Sample variance converge almost surely

Since you used an inequality to obtain an estimate for $\mathbb{P}(|S_n-\mathbb{E}S_n|>\varepsilon)$ the fact that the sum does not converge does not imply that $S_n$ does not converge almost surely.

It's easier like that:

$$\begin{align} (X_i-\mu+(\mu-\bar{X}))^2 &= (X_i-\mu)^2 + 2 (X_i-\mu) \cdot (\mu-\bar{X})+(\mu-\bar{X})^2 \\ \Rightarrow S_n= \frac{1}{n} \sum_{i=1}^n (X_i-\bar{X})^2 &= \frac{1}{n} \sum_{i=1}^n (X_i-\mu)^2 + 2 (\mu-\bar{X}) \underbrace{\frac{1}{n} \cdot \sum_{i=1}^n (X_i-\mu)}_{\left(\frac{1}{n} \sum_{i=1}^n X_i\right)-\mu =(\bar{X}-\mu)} + (\mu-\bar{X})^2 \\ &= \frac{1}{n} \sum_{i=1}^n (X_i-\mu)^2 - (\bar{X}-\mu)^2 \end{align}$$

By the strong law of large numbers we obtain

$$\bar{X} = \frac{1}{n} \sum_{i=1}^n X_i \to \mu \quad \text{almost surely} \\ \frac{1}{n} \sum_{i=1}^n (X_i-\mu)^2 \to \mathbb{E} \left( (X_i-\mu)^2 \right)=\sigma^2 \quad \text{almost surely} $$

Hence $S_n \to \sigma^2$ almost surely.

This is much after 2012, but since I chanced upon this, I'd like to just offer an alternative solution (but similar in spirit):

$$\frac{1}{n} \sum_{i=1}^n (X_i-\bar{X})^2 = \frac{1}{n}\sum_{i=1}^n (X_i^2-2X_i\bar{X}+(\bar{X})^2)=\frac{\sum_{i=1}^n X_i^2}{n}-\left(\frac{\sum_{i=1}^n X_i}{n}\right)^2$$

Since $X_i^2$ are i.i.d. with finite mean $\mu^2 + \sigma^2$, by strong law of large numbers (SLLN), $\frac{\sum_{i=1}^n X_i^2}{n} \to \mu^2 + \sigma^2$ almost surely.

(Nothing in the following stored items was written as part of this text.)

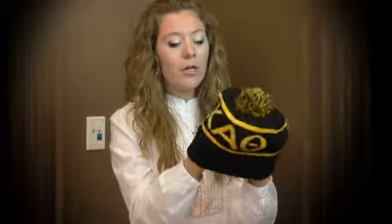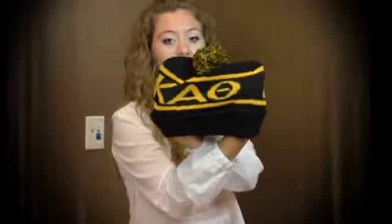They're super warm, super comfortable, and the letters are on both sides of the cap. They also have this fun little ball on the top that has your group's colors, so that's also super fun.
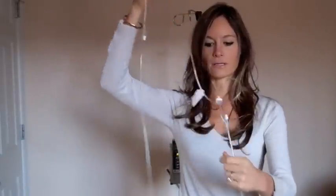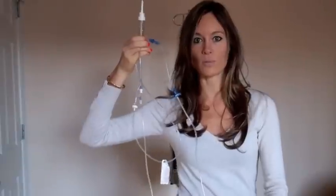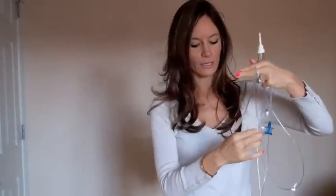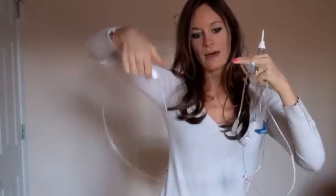The IV tubing usually comes packaged like this. This is what it looks like when it's opened. You have the end here with the empty chamber because we haven't put fluid in it yet. Going down, we have this part that hooks into this particular pump. We are using an Alaris pump — every pump is a little bit different, but they all have the same concept. You have a little clamp down here that you can roll up to open or close, and then you have the tip here that you connect to your patient.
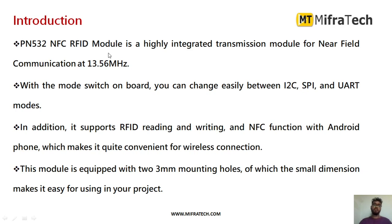The NFC module shown here is the PN532 NFC RFID module. It is a highly integrated transmission module for Near Field Communication. Its operating frequency is 13.56 MHz. With the mode switch on board, you can easily switch between I2C, SPI, or UART modes — it supports all three. In addition, it also supports RFID reading and writing, and NFC function with Android phones, which makes it quite convenient for wireless connection.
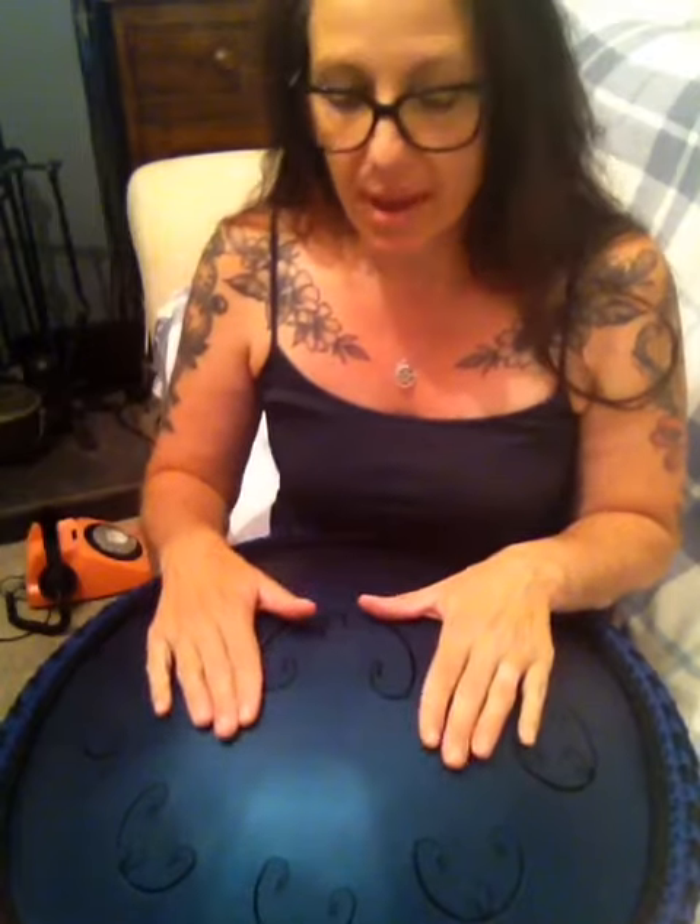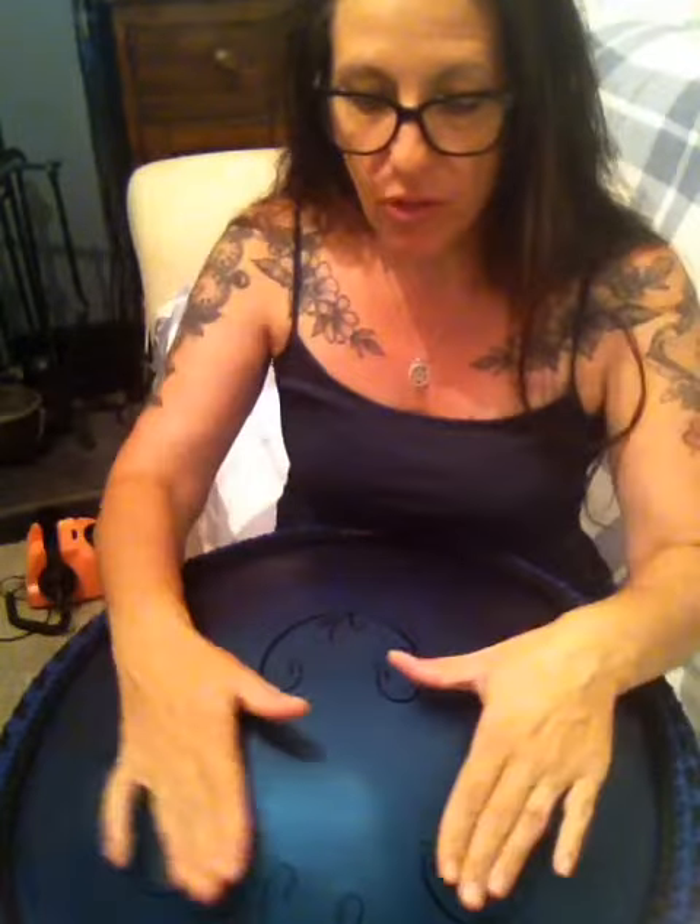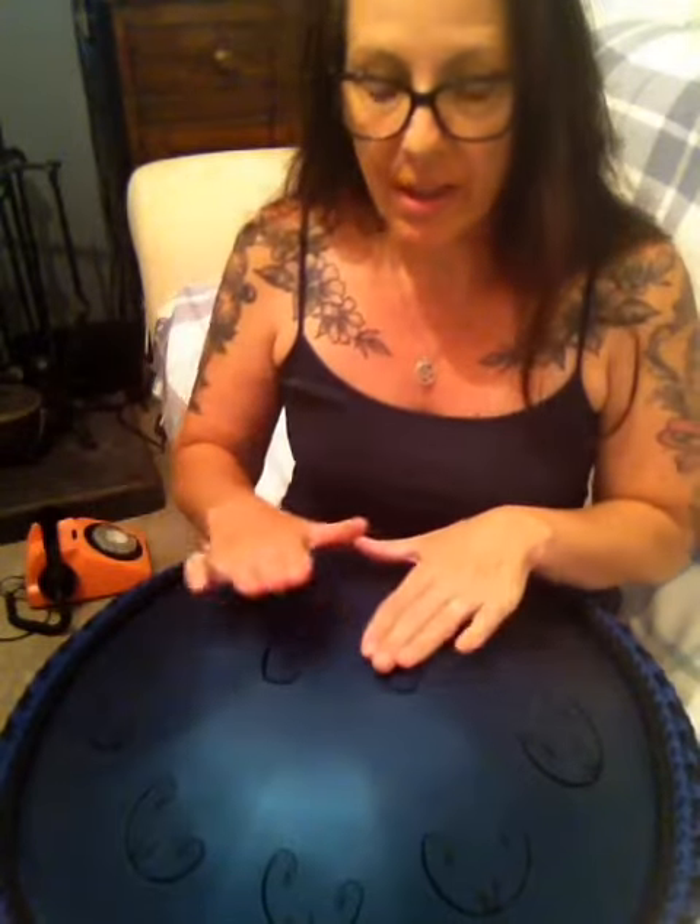Hello. It's been two days since I've had my drum. I'm in D Celtic minor and I've been having a little play around with what I can do — different ways of making sounds on different parts of the drum you can hit and different ways you can do this.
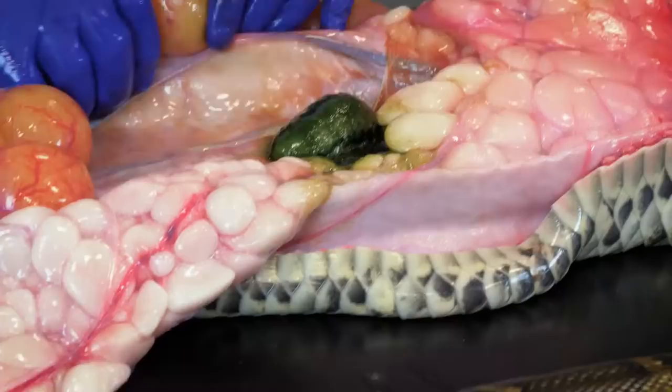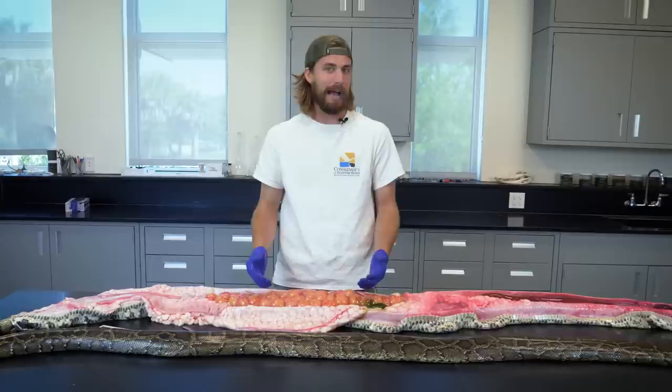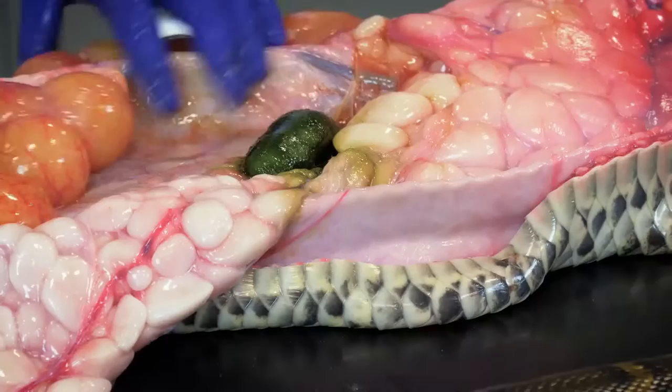I'm sure you're wondering what this big green blob is in the middle of the python — it's pretty hard to miss. This is actually the gallbladder, which is an organ that secretes a fluid called bile that breaks down fats. All the fat inside of the raccoon or the possum that this snake was eating gets broken down using bile from this organ.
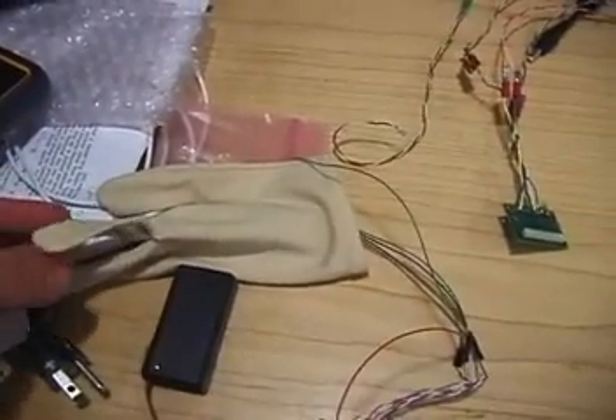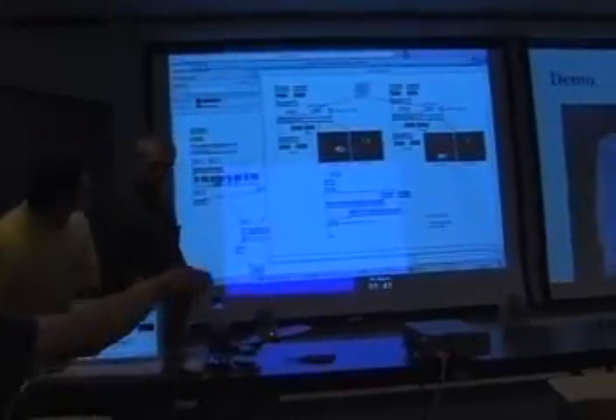During a technical demo, we show some of the initial functionality — acceleration values. If you were to shake it, you could see it.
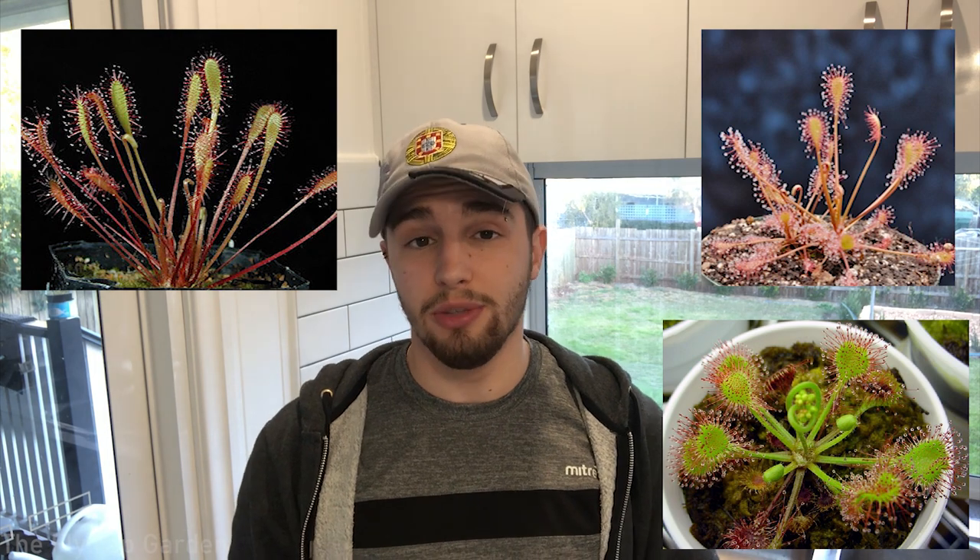Next up we have temperate Drosera, such as Drosera intermedia, Drosera rotundifolia, and Drosera anglica. These are super interesting plants that grow slightly differently — they have petioles with their traps at the end of those petioles. They are temperate growers, meaning they like warm hot summers, but in winter they go dormant. In springtime they grow back from what is called a hibernaculum — essentially a hibernating bud that the plant comes back from after winter dormancy.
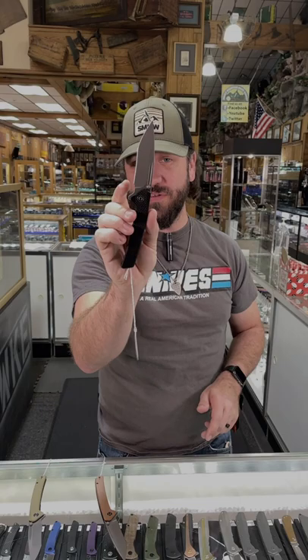We've got them in the olive micarta, the brown micarta, and the black g10, starting out at $72.25. Pick these up in our store and on our website, smkw.com.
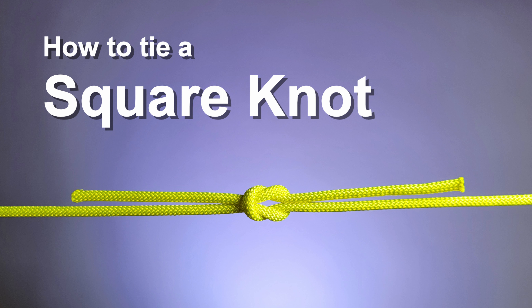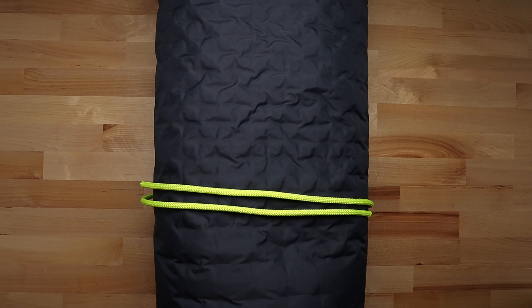Today we're going to learn how to tie a square knot, also known as a reef knot. The square knot is very simple if you just remember the phrase: right over left, left over right.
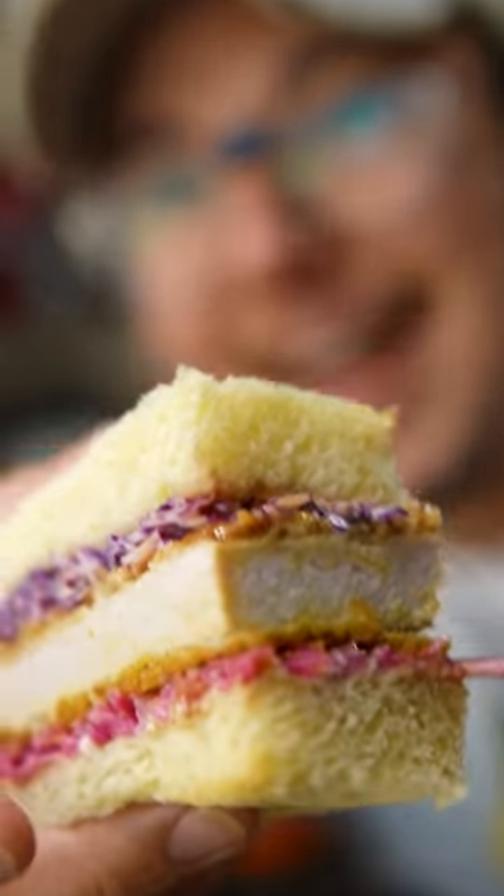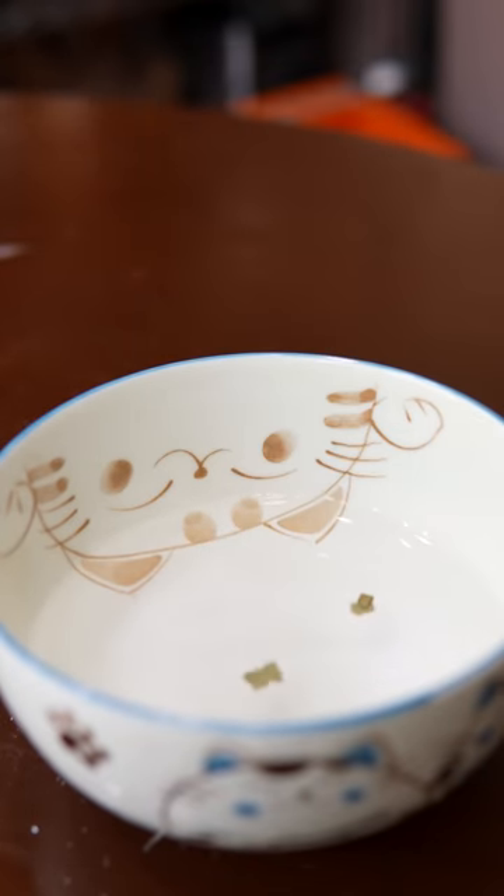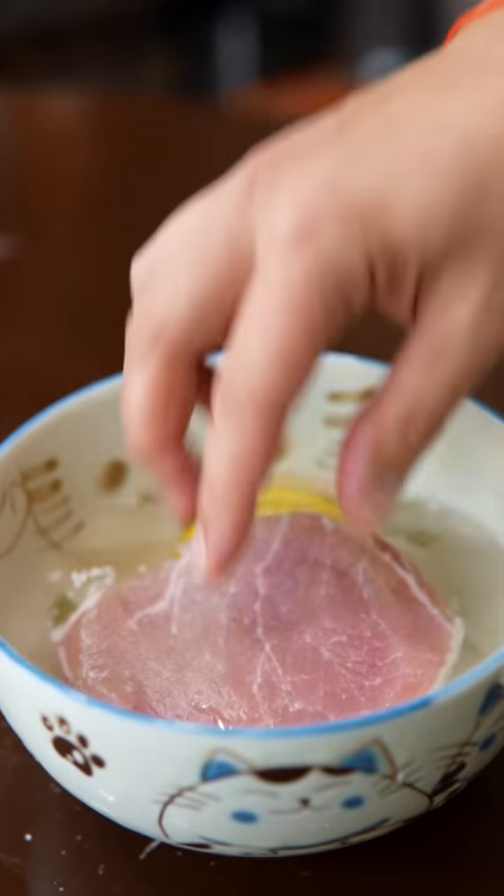Tonkatsu sando. C'mon. We gotta brine this first. Water, some sugar, crushed up bay leaves, a little lemon juice too for the acidity. Brine this guy overnight.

In addition, SLLN says $\frac{\sum_{i=1}^n X_i}{n} \to \mu$ almost surely. By Continuous Mapping Theorem (or direct reasoning), $\left(\frac{\sum_{i=1}^n X_i}{n}\right)^2 \to \mu^2$.

Hence, $S_n \to \sigma^2$ almost surely.